Problem to solve -> Please output the records below word for word and omit the pictures.
Start of Material for this task
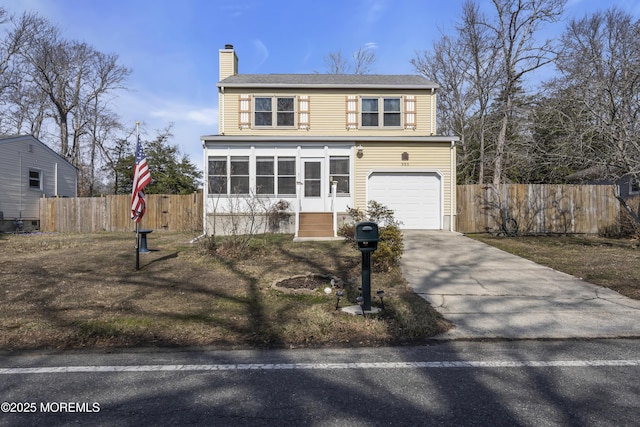 traditional-style house with a garage, a chimney, driveway, and fence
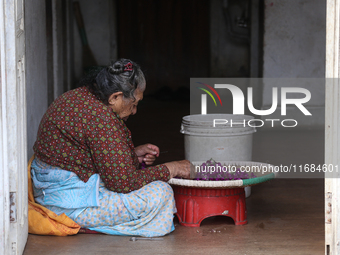 A Nepalese woman weaves globe amaranth (Makhamali) flowers to make garlands to sell in the market for the Tihar festival celebration in Bhak...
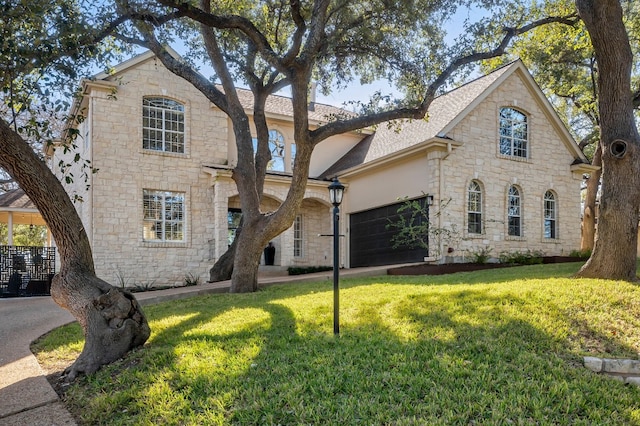 view of front facade with a garage and a front yard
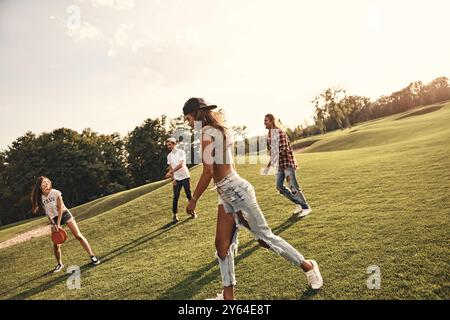 Sommeraktivität. Gruppe junger Leute in Freizeitkleidung, die Frisbee spielen, während sie unbeschwert im Freien verbringen Stockfoto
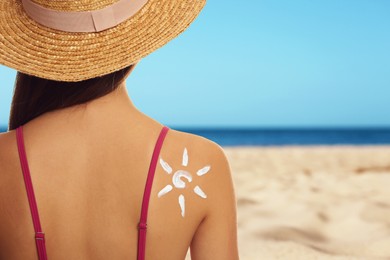 Image of Young woman with sun protection cream on sandy beach, space for text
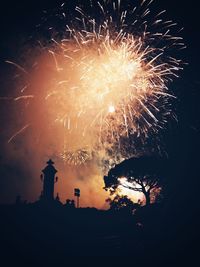 Low angle view of firework display at night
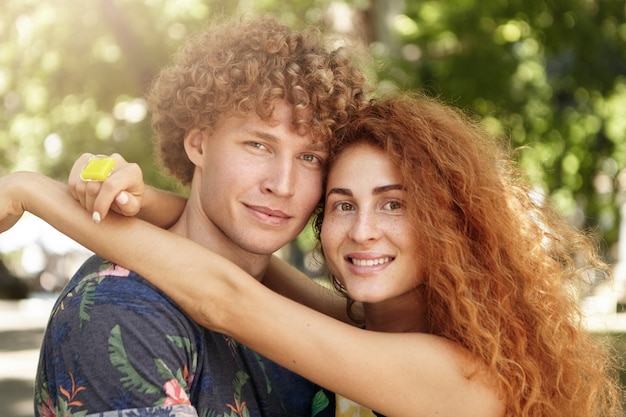 Foto gratuita donna abbastanza lentigginosa con un sorriso gentile che abbraccia il suo bel ragazzo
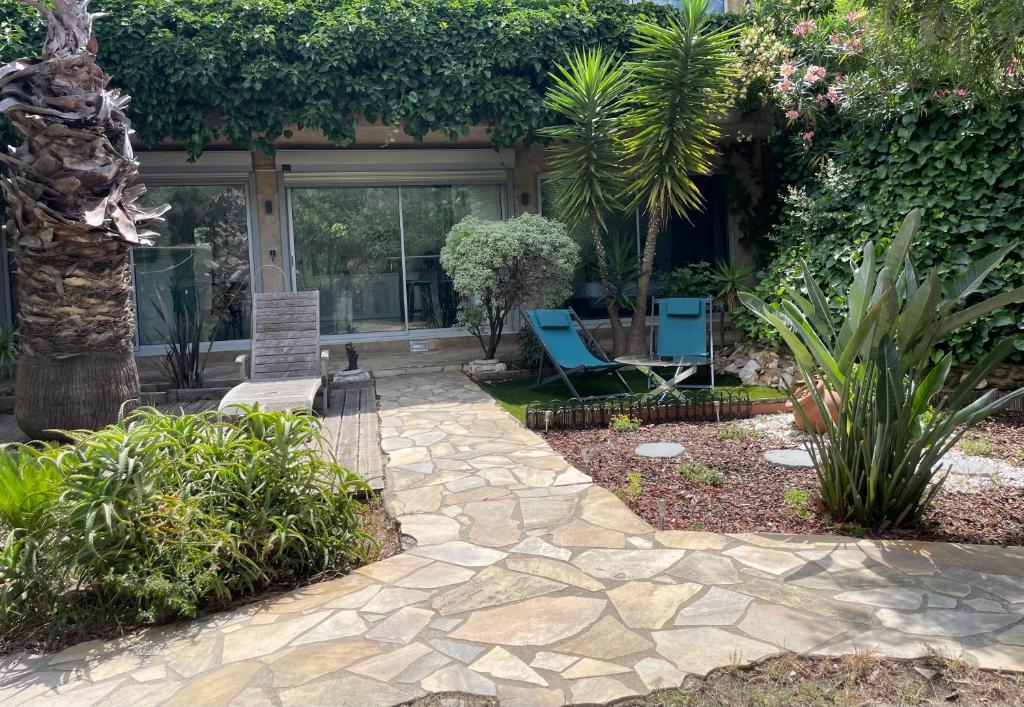 un patio avec des chaises et des plantes devant un bâtiment dans l'établissement Emeraude 2.0, à Rayol-Canadel-sur-Mer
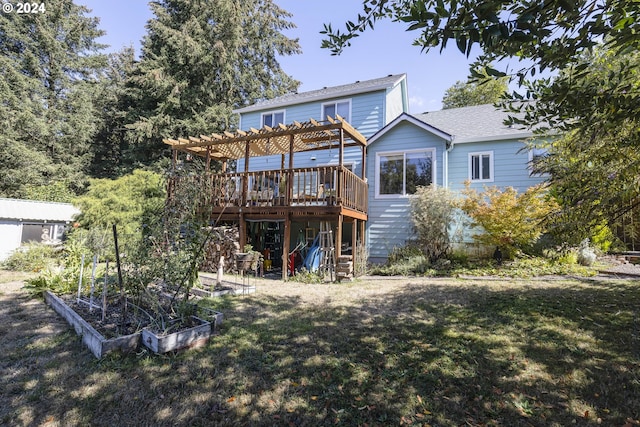 rear view of property with a lawn and a deck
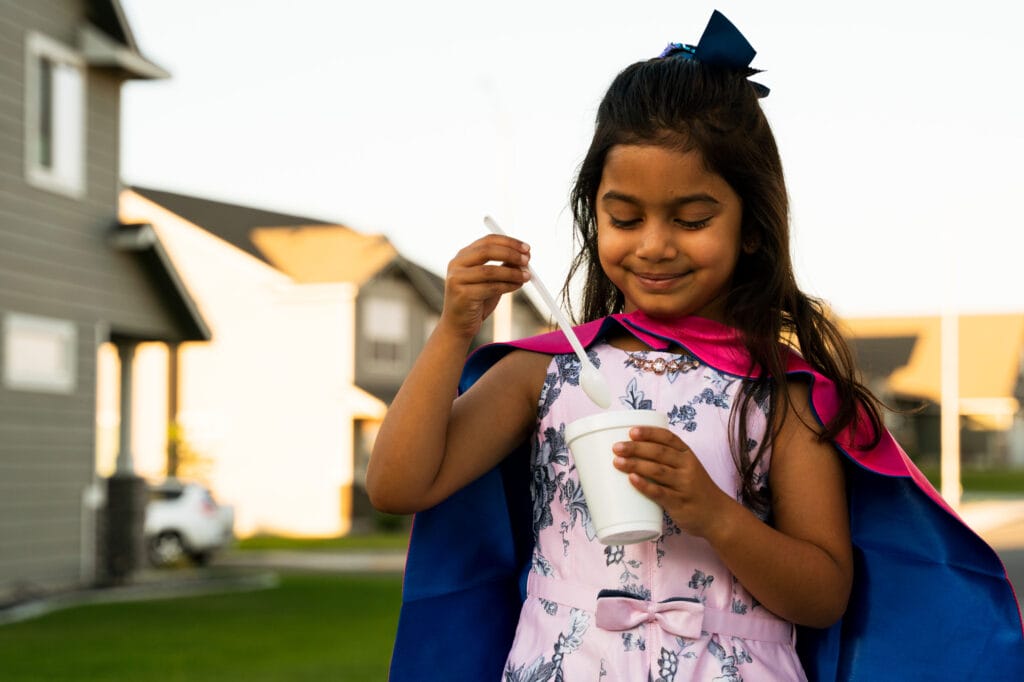 Girl in superhero cape eating ice cream outside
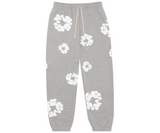 Grey sweatpants with a white floral wreath pattern and a drawstring waist.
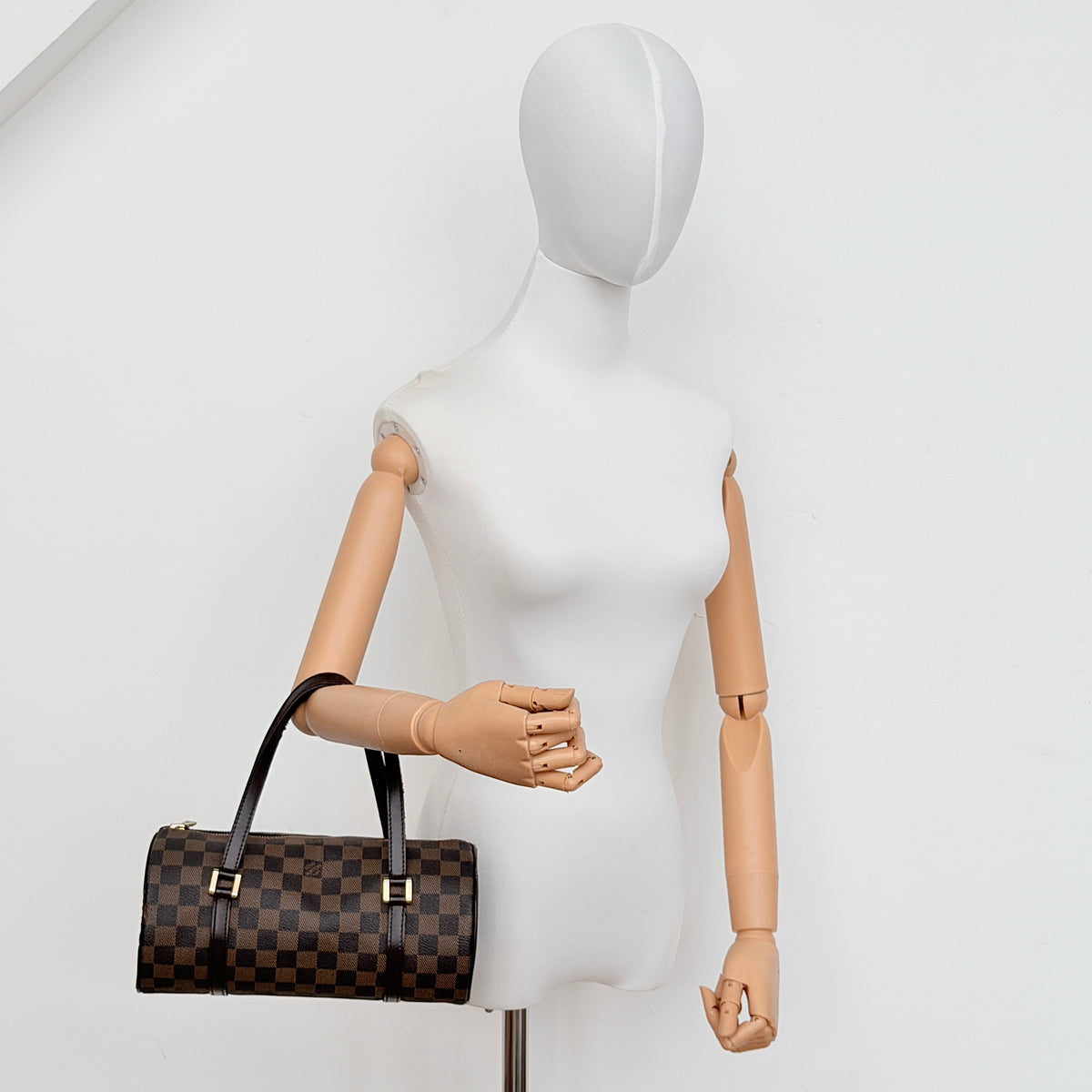 Louis Vuitton Damier Ebene Papillon 26 handbag in brown checked canvas with chocolate leather handles and gold hardware against a white background.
End of Material for this task
Exercise result ->
 traditional-style house with a garage, a chimney, driveway, and fence
 A Nepalese woman weaves globe amaranth (Makhamali) flowers to make garlands to sell in the market for the Tihar festival celebration in Bhak...
 view of front facade with a garage and a front yard
 Sommeraktivität. Gruppe junger Leute in Freizeitkleidung, die Frisbee spielen, während sie unbeschwert im Freien verbringen Stockfoto
 Image of Young woman with sun protection cream on sandy beach, space for text
 Low angle view of firework display at night
 Foto gratuita donna abbastanza lentigginosa con un sorriso gentile che abbraccia il suo bel ragazzo
 un patio avec des chaises et des plantes devant un bâtiment dans l'établissement Emeraude 2.0, à Rayol-Canadel-sur-Mer
 rear view of property with a lawn and a deck
 Girl in superhero cape eating ice cream outside
 Grey sweatpants with a white floral wreath pattern and a drawstring waist.
 Louis Vuitton Damier Ebene Papillon 26 handbag in brown checked canvas with chocolate leather handles and gold hardware against a white background.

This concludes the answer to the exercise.